= Resident Return Visa =

Resident return visas (RRV) are three separate but related systems for allowing ordinarily resident and former resident foreign nationals in Australia, New Zealand, and the United States to travel to another country and return to the issuing country.

==Australia==
In Australia, a Resident Return Visa (RRV) (subclasses 155 and 157) is a re-entry visa allowing the holder of that visa to travel to another country and return to the Australian migration zone. RRVs allow Australian permanent residents to re-enter Australia as often as they wish during the validity of the visa. The duration of the validity of an RRV ranges from 3 months to 5 years, depending on the subclass and the applicant's circumstances.

==New Zealand==
The similar visa in New Zealand was called Returning Resident's Visa (RRV). It gave New Zealand permanent residents the right to resume their residence status when they returned to New Zealand. The first Returning Resident's Visa was valid for 2 years. An Indefinite Returning Resident's Visa (IRRV) was issued once the resident had shown commitment to New Zealand over the previous two years. 12 month or 14-day RRVs were also issued under different circumstances.

Under the Immigration Act 2009, the Returning Resident's Visas were replaced by the resident visas and/or permanent resident visas. A resident visa holder may also be subject to other ‘conditions’ depending on the residence category they applied under. A permanent resident visa allows the holder to re-enter New Zealand as a permanent resident anytime. A permanent resident visa is not subject to any conditions.

==United States==
In accordance with United States immigration law, lawful permanent residents who have been outside of the United States for more than one year without a reentry permit, or those who have remained outside the United States beyond the validity of their reentry permit, are required to process a new immigrant visa before they will be permitted to return to the United States as a lawful permanent resident.

Lawful permanent resident who have remained outside the United States for extended periods of time may apply at their nearest United States embassy or consulate to process the SB-1 Returning Resident Visa.

Applicants will be required to pay new visa processing fees and medical fees, but the person is not required to file a new immigrant petition.

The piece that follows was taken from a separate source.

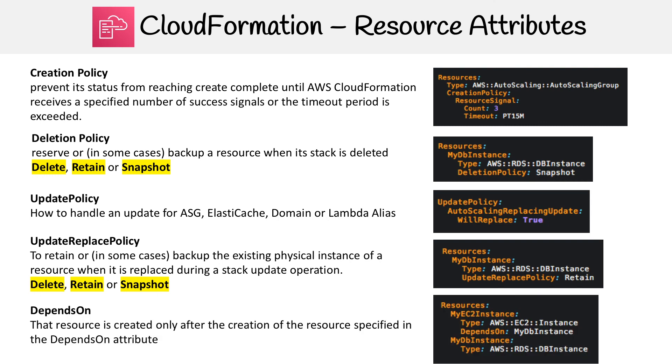The last case here is Depends On. This is when you have a resource that's dependent on another resource, so you want that resource created first. So in our scenario here, we have an RDS database and EC2 instance, and we're saying before you make the EC2 instance, go make the RDS database first. And so yeah, those are the resource attributes we can apply.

===Qualifying for Returning Resident Status===
An applicant for a returning resident visa must prove that he or she:

- had the status of a lawful permanent resident at the time of departure from the United States,
- departed from the U.S. with the intention of returning and have not abandoned this intention, and
- is returning to the United States from a temporary visit abroad and, if the stay abroad was protracted, it was caused by reasons beyond the applicant's control and for which the applicant was not responsible.

Required documentation includes:

- A completed Application to Determine Returning Resident Status (Form DS-117);
- The applicant's Permanent Resident Card (Form I-551);
- The applicant's reentry permit;
- Evidence of dates of travel outside of the United States, such as airline tickets or passport stamps;
- Evidence of the applicant's ties to the United States and the applicant's intention to returns, such as tax returns and evidence of economic, family, and social ties to the United States;
- Evidence that the applicant's protracted stay outside of the United States was for reasons beyond the applicant's control, such as being medically incapacitated;
- Payment of the required fees.

===Spouse or Child of a Member of the U.S. Armed Forces or Civilian Employee of the U.S. Government Stationed Abroad===

The spouse or child of a member of the United States Armed Forces or of a civilian employee of the United States government stationed abroad on official orders may use a United States Permanent Resident Card to enter the United States, even if the Permanent Resident Card has expired.

A Returning Resident (SB-1) immigrant visa would not be required as long as the person has not abandoned Lawful Permanent Resident status and the spouse or parent is also returning to the United States.